Evaluate null distribution function of Mann-Whitney (Wilcoxon) rank sum statistic through simulation
For simplicity, I assume there are no ties between the two samples.
Background
Rank sum statistic can be performed using the Mann–Whitney statistic. Let
$$ U=\sum_{i=1}^{m} \sum_{j=1}^{n} \phi\left(X_{i}, Y_{j}\right) $$
where
$$ \phi\left(X_{i}, Y_{j}\right)=\left\{\begin{array}{ll}{1} & {\text { if } X_{i} \lt Y_{j},} \\ {0} & {\text { otherwise. }}\end{array}\right. $$
The statistic U counts the number of "X before Y" predecessors. It is easy to show that
$$ W=U+\frac{n(n+1)}{2}. $$
CDF Simulation
Calculate F(t) for Mann-Whitney sum rank statistic W
# CDF for W statistic simulation, return F(t)
W_CDF <- function(t, m, n){
count <- 0
for (i in 1:10000) {
W = sample(m+n, n)
if (sum(W) < t) count = count+1
}
cdf_value = count/10000
return (cdf_value)
}
Plot CDF using simulated data
Use mtcars
as sample data, nrow(mtcars)
: 32 observations, sum(mtcars$am == "1")
: we have 13 with manual transmission and 19 with automatic transmission.

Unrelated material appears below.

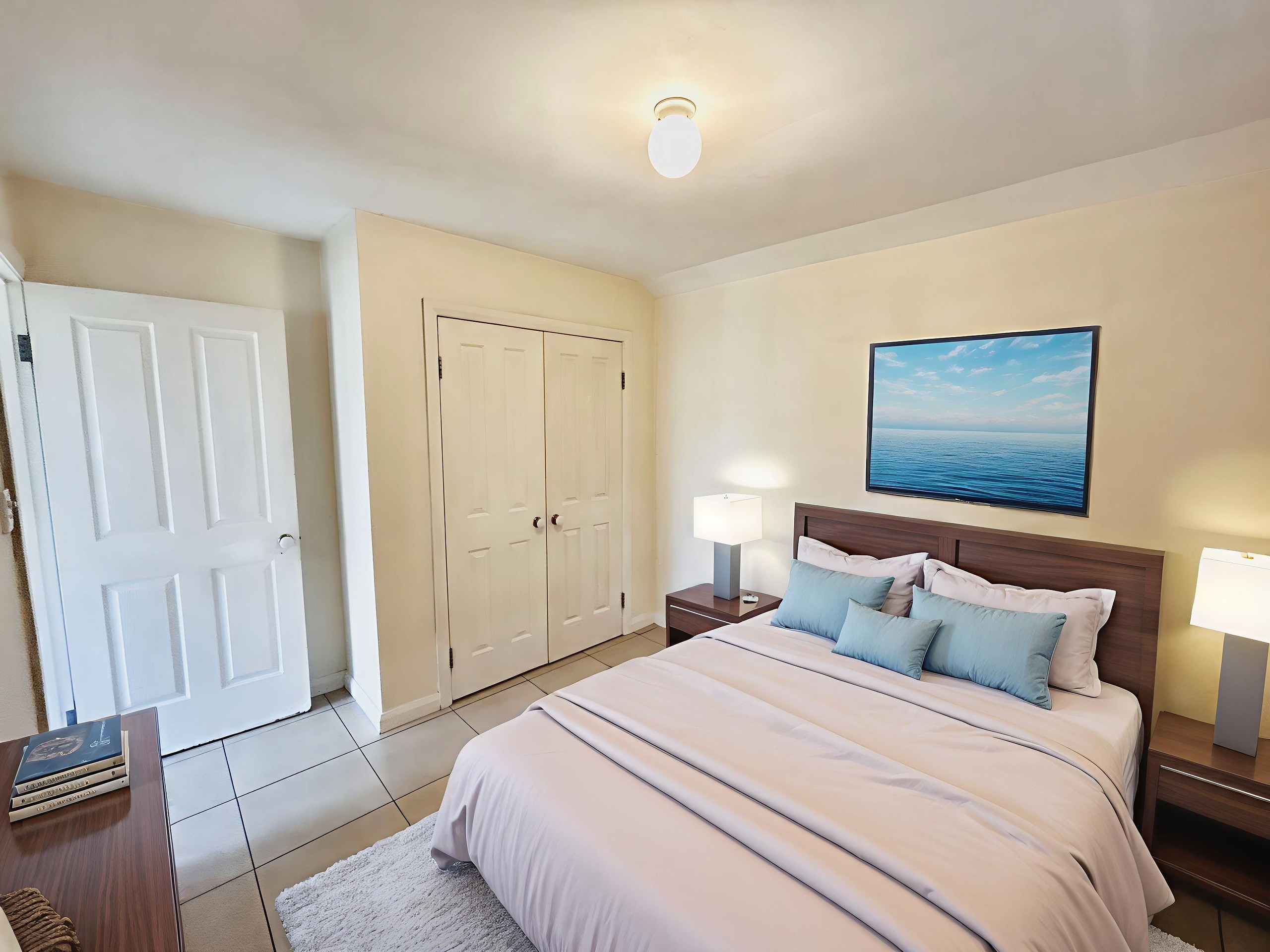 293A Warringah Road, Beacon Hill, NSW 2100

If there were really no difference in the displacement for automatic and manual transmissions, then the ranks of the displacement would be assigned randomly.
set.seed(1)
library(ggplot2)
# Suppose the ranks of the displacement would be assigned randomly. To simulate that, we imagine that
# we have 32 possible ranks, and we sample 13 of them to form the ranks of displacements for the manual transmissions.
# manualRanks <- sample(32, 13)
# The automatic ranks are the ones that are not in manualRanks. We need to pull them out using which(!(1:32 %in% manualRanks))
# autoRanks <- which(!(1:32 %in% manualRanks))
# The W value is equal to the sum of the ranks for the smaller random sample minus the minimum such sum, namely n(n+1)/2=13*14/2=91
# W_sim <- sum(manualRanks)-91
W_sim <- c()
simPermuTest <- function(iter) {
for (i in 1:iter) {
manualRanks <- sample(32, 13)
autoRanks <- which(!(1:32 %in% manualRanks))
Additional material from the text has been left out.